Anche per gli ebrei italiani, privati dei più elementari diritti civili, iniziava la difficile prova delle persecuzioni all’interno del paese.
Le atrocità naziste che si stavano compiendo in altre regioni dell’Europa occupata possono far apparire poca cosa la cacciata dei bambini ebrei dalle scuole, l’espulsione degli adulti dall’insegnamento o il divieto dell’esercizio delle professioni: eppure queste interdizioni furono causa di profondi drammi umani e familiari.

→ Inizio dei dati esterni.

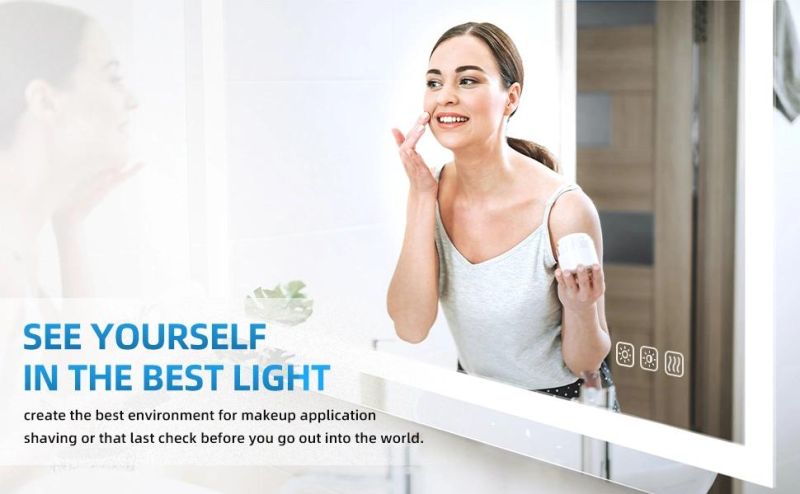 Bathroom Accessories Fitting Mirror Illuminated LED Wall Mirror for Home Hotel Furniture Wall Mirror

Ma fu soprattutto l’occupazione militare tedesca, dopo I’8 settembre 1943, a determinare un brusco aggravamento nelle condizioni di vita degli ebrei nell’Italia centro-settentrionale.
Rastrellati su segnalazione delle autorità collaborazioniste della RSI, 6.746 ebrei vennero deportati dalla penisola verso l’orrore dei lager.
Non sfuggì a questo destino neppure la modesta comunità israelitica che da lungo tempo risiedeva nella città di Piacenza e in alcuni centri minori della provincia.
Un’intera famiglia di ebrei d’origine polacca, che si era stabilita a Carpaneto dal 1941 e della quale facevano parte due giovani figli, Susanna e Bob, venne trasferita nei campi di sterminio tedeschi. La stessa sorte toccò alla figlia maggiore dei Pesaro, industriali residenti a Castel San Giovanni, e a un commerciante di Piacenza, Enrico Richetti.
La loro vicenda è stata ricostruita attraverso le poche tracce documentarie che è possibile rinvenire negli archivi locali e attraverso il ricordo che di loro resta presso i familiari o in chi allora li ha conosciuti.